WORK ORDER: Where an entry below contains an image, skip the image and copy the rest exactly.

Spatial localization data:
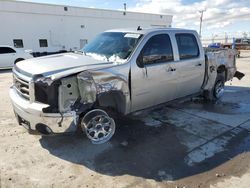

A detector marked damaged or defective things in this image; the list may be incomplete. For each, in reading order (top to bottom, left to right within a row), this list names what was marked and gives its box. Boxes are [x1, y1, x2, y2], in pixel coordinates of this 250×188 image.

crumpled hood [15, 52, 113, 77]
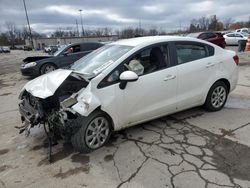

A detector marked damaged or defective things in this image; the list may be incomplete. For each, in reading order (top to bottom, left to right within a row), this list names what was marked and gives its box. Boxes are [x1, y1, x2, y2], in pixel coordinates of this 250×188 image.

crumpled hood [23, 69, 72, 98]
cracked pavement [0, 49, 250, 187]
damaged white car [18, 36, 239, 155]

RESPONSE:
A detector marked damaged or defective things in this image; the list may be incomplete. For each, in reading order (top to bottom, left to right within a row), this list names what was marked and gives its box. Boxes are [x1, y1, x2, y2], in pixel coordinates of this 250×188 image.

crumpled hood [15, 52, 113, 77]

A detector marked damaged or defective things in this image; the list may be incomplete. For each, in reading order (top to bottom, left to right within a row), this list names what was marked and gives its box. Boxes are [x1, y1, x2, y2], in pixel coordinates of this 250×188 image.

crumpled hood [23, 69, 72, 98]
cracked pavement [0, 49, 250, 187]
damaged white car [18, 36, 239, 155]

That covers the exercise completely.